La pièce s’achève et l’on voudrait encore suivre ces jeunes (souvent ex-miliciens, faute de mieux) dans leurs histoires d’amour et de haine éteinte!

Les selfies, sourires et discussions entre les gens du public et ces comédiens merveilleux se prolongent, la magie de l’art se lit sur les visages, les mots dans l’amphithéâtre et à l’extérieur. Des visages souriants. Heureux, tout simplement.

Merci à l’ONG March (Léa Baroudi – Jad Ghorayeb) et Lucien Bourjeily et un grand bravo à ces jeunes comédiens si généreux, si heureux de montrer leur Tebbaneh-Jabal Mohsen, leur manière de vivre ensemble… leur manière d’avoir appris à re-vivre ensemble pour de vrai, grâce au théâtre.

Il reste à souhaiter que cet exemple de travail soit suivi par d’autres, beaucoup d’autres opérations théâtrales/théâtralisées de catharsis : cela est hautement salutaire pour un pays si petit géographiquement mais bourré de frontières mentales. Un pays malade de ses confessions et, surtout, malade d’une classe politique et financière qui s’auto-regénère et développe ses tentacules à travers les quartiers, les régions et les esprits.
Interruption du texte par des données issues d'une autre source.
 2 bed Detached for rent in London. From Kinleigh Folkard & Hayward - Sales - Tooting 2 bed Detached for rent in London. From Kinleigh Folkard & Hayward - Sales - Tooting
PS: pour la petite histoire, le terme de catharsis m’est venu comme une évidence au moment où je concluais ce topo. En voici la double définition  (selon le dictionnaire Antidote):

– au plan philosophique, selon Aristote la catharsis est « l’effet de purification des passions produit chez les spectateurs d’une représentation dramatique »

– au plan psychanalytique, il s’agit d’une « libération émotionnelle liée à l’extériorisation de souvenirs longtemps refoulés d’évènements traumatisants ».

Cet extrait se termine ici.